Voice & Talk Mode
Text is not always the most natural way to interact with your AI assistant. When you are cooking, driving, exercising, or just sitting on the couch, talking is easier than typing. OpenClaw has a full voice stack that turns your assistant into something you can have a spoken conversation with — and even call on the phone.
This page covers every voice capability in OpenClaw, how to set each one up, and practical workflows that make voice genuinely useful rather than a gimmick.
The Voice Stack at a Glance
OpenClaw’s voice capabilities are built from several independent components. You can use them individually or combine them:
| Component | What It Does | Provider | Cost |
|---|---|---|---|
| Talk Mode | Hands-free spoken conversation | Built-in | Free (uses your existing model API) |
| TTS (Text-to-Speech) | Agent speaks responses aloud | ElevenLabs | ~$5-22/month depending on plan |
| STT (Speech-to-Text) | Your speech converted to text | OpenAI Whisper | ~$0.006 per minute of audio |
| Voice Wake | Wake word activation (“Hey OpenClaw”) | Built-in | Free |
| Twilio Calling | Make and receive actual phone calls | Twilio | ~$0.013/min outbound, ~$0.0085/min inbound |
You do not need all of these. Most people start with Talk Mode and Whisper STT, then add ElevenLabs TTS if they want a natural-sounding voice, and Twilio if they need phone call capabilities.
Talk Mode
Talk Mode is the foundation of voice interaction in OpenClaw. When activated, it turns your session into a live, hands-free conversation. You speak, OpenClaw listens and transcribes, processes your request, and responds — either as text or spoken audio.
How It Works
- You activate Talk Mode (via a command, a button in the client, or Voice Wake)
- OpenClaw starts listening through your device’s microphone
- Your speech is transcribed to text using STT (speech-to-text)

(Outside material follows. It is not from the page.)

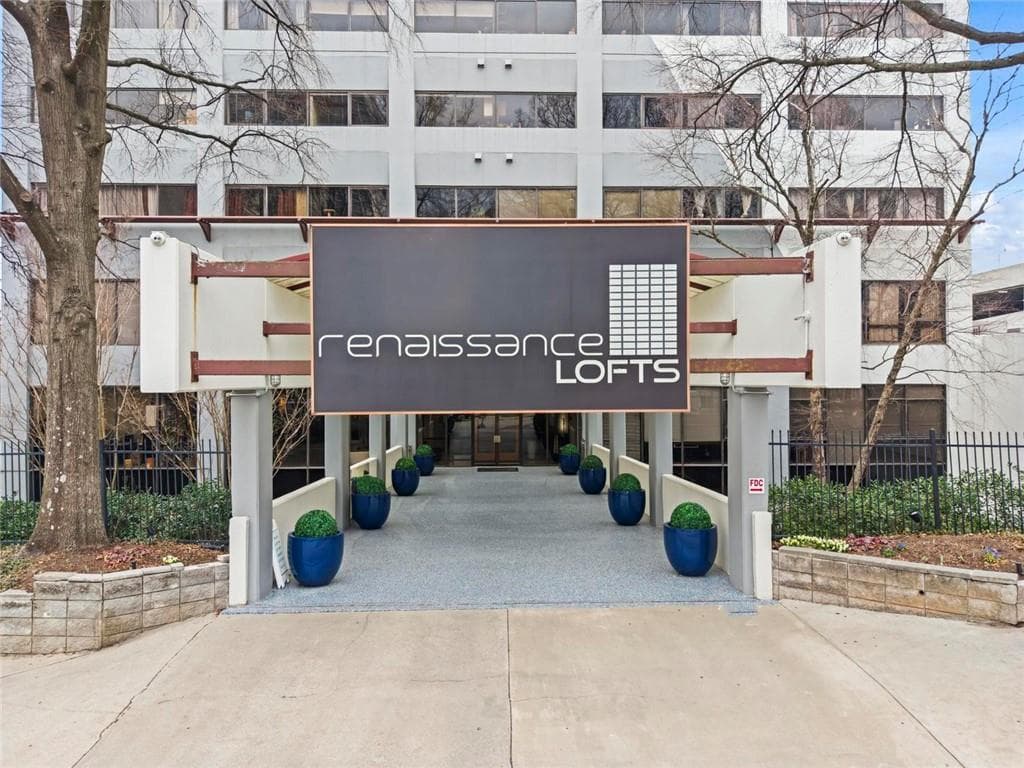 1 bedroom, 1 bathroom, 520 sq ft condominium under contract at 120 Ralph Mcgill Boulevard 703, Atlanta, GA 30308 — photo 3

- The text is processed by the agent like any other message
- The response is converted to audio using TTS (text-to-speech) and played back
- The cycle repeats until you end the session
Activating Talk Mode
There are several ways to start Talk Mode:
From the web client:
Navigate to http://localhost:18789 and click the microphone icon in the chat interface.

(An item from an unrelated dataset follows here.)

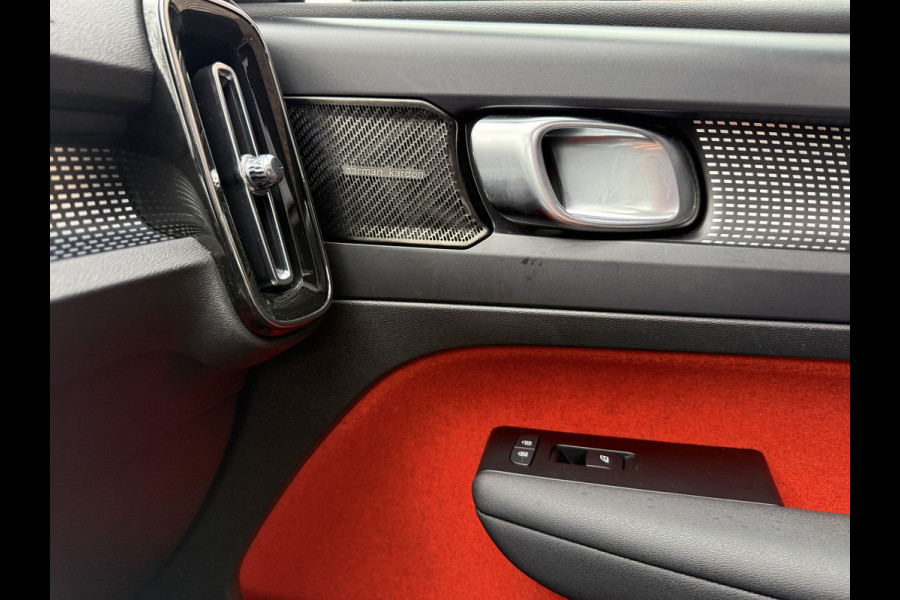 Volvo XC40 Recharge P8 AWD R-Design | | SOH 92% | Panoramadak | Apple Carplay | Stoel/Stuurverwarming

From a voice command (if Voice Wake is enabled): Say the wake word, then start talking.
From a channel message: Send a message like “Start talk mode” or “Let’s talk” — your SOUL.md can include instructions for how the agent should handle this.
Talk Mode Configuration
In your OpenClaw configuration, you can control Talk Mode behavior:
voice:
talk_mode:
enabled: true
auto_detect_silence: true
silence_threshold_ms: 1500
language: "en"
continuous: trueKey settings:
auto_detect_silence— Whentrue, OpenClaw automatically detects when you stop speaking and processes your input. Whenfalse, you need to manually signal when you are done (like pressing a button).silence_threshold_ms— How many milliseconds of silence before OpenClaw decides you are finished speaking.1500(1.5 seconds) is a good default. Increase it if OpenClaw keeps cutting you off mid-thought.continuous— Whentrue, Talk Mode stays active after each exchange. Whenfalse, it deactivates after one exchange and you need to reactivate it.

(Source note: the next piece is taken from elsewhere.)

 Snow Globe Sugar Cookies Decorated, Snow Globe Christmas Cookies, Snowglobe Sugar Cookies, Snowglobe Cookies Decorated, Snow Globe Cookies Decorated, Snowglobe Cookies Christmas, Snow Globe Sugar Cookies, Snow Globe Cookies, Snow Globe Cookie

Text-to-Speech (TTS) with ElevenLabs
OpenClaw uses ElevenLabs for text-to-speech — the technology that gives your assistant an actual voice. ElevenLabs produces remarkably natural-sounding speech, far beyond the robotic voices you might remember from older TTS systems.
In OpenClaw, TTS is exposed through the “sag” skill (speech audio generation).
Setting Up ElevenLabs
Step 1: Create an ElevenLabs account
Go to elevenlabs.io and sign up. They have a free tier with limited characters per month, which is fine for testing. For regular use, their Starter plan covers most personal assistant needs.
Step 2: Get your API key
In the ElevenLabs dashboard, navigate to your profile settings and copy your API key.
Step 3: Add the key to OpenClaw
Add your ElevenLabs API key to your OpenClaw environment configuration:
ELEVENLABS_API_KEY=your_key_hereOr in your configuration file:
tts:
provider: "elevenlabs"
api_key: "${ELEVENLABS_API_KEY}"
voice_id: "21m00Tcm4TlvDq8ikWAM"
model: "eleven_monolingual_v1"Step 4: Choose a voice
ElevenLabs offers dozens of pre-made voices, and you can also clone voices. Browse their voice library to find one that fits your assistant’s personality. Each voice has an ID you will use in the configuration.
Popular choices for AI assistants:
| Voice Name | Character | Voice ID |
|---|---|---|
| Rachel | Calm, clear, professional | 21m00Tcm4TlvDq8ikWAM |
| Adam | Warm, conversational male | pNInz6obpgDQGcFmaJgB |
| Bella | Friendly, approachable female | EXAVITQu4vr4xnSDxMaL |
| Antoni | Authoritative, confident male | ErXwobaYiN019PkySvjV |
Replace the voice_id in your config with the ID of your chosen voice.
Controlling Voice Output
You can configure when your assistant speaks versus types:
tts:
auto_speak: "talk_mode_only" # Options: always, talk_mode_only, never
max_speak_length: 500 # Max characters to speak (longer responses are summarized)
speed: 1.0 # Playback speed (0.5 to 2.0)The max_speak_length setting is important. If your assistant generates a 2,000-word research summary, you probably do not want it read aloud in its entirety. Setting a limit means the assistant will speak a summary and deliver the full text version through your channel.
Speech-to-Text (STT) with OpenAI Whisper
Whisper is OpenAI’s speech recognition model, and it is what OpenClaw uses to understand what you say. It supports over 50 languages, handles accents well, and is remarkably accurate.
Setting Up Whisper
Step 1: Ensure you have an OpenAI API key
You likely already have one if you use any OpenAI models with OpenClaw. If not, sign up at platform.openai.com and generate an API key.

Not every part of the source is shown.